Scientific Programming Does Not Compute?

This week’s post is about an article published in Nature by Zeeya Merali entitled “Why Scientific Computing Does Not Compute.” (Nature, 467, 775; October 14, 2010) (Nature, 467, 775; October 14, 2010). Merali develops a compelling case that most scientists teach themselves computing and this seriously compromises the quality of scientific software. As I found out myself in my younger days as an astronomy postdoc, we teach ourselves just enough to be dangerous. Merali quotes a survey by Greg Wilson (Toronto, Canada) that revealed whereas 45% of researchers spent more time writing code than they did 5 years writing code, but only 34% saw the need for more formal training and only 47% had a good understanding of testing.

So what to do? Wilson himself created an excellent on-line training class, Software Carpentry, to teach scientists the necessary software engineering skills, including version control, testing and validation. The U.K  Software Sustainability Institute was established to advise researchers on constructing quality, reusable code. I was a member of a workshop which strongly endorsed the creation  a corresponding organization in the U.S.

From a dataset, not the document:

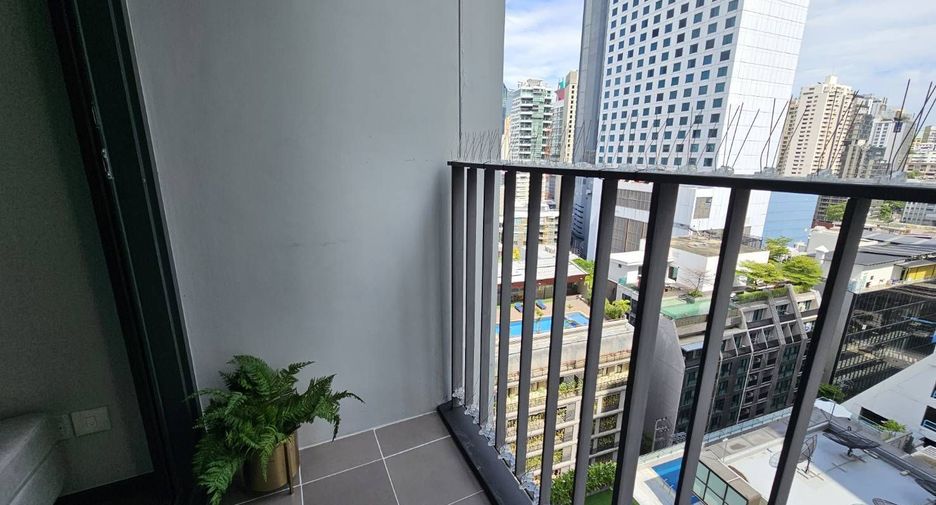 Condo en alquiler de 1 habitaciones en Khlong Toei, Bangkok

Yet I think we are missing an important part of the solution: per an earlier post, I think scientists should be required to have formal instruction in computing and software engineering in graduate school. They should be expected to meet a minimum acceptable standard for graduation, just as they do for their major. And this instruction should emphasize that quality software starts with specification and design and ends with delivery and documentation; coding is just one part of the job. Courses such as Software Carpentry would make an excellent starting point for designing classes.

This entry was posted in astroinformatics, Astronomy, cyberinfrastructure, High performance computing, programming, software engineering, software maintenance, software sustainability, Uncategorized and tagged , , , , , , , , . Bookmark the permalink.

6 Responses to Scientific Programming Does Not Compute?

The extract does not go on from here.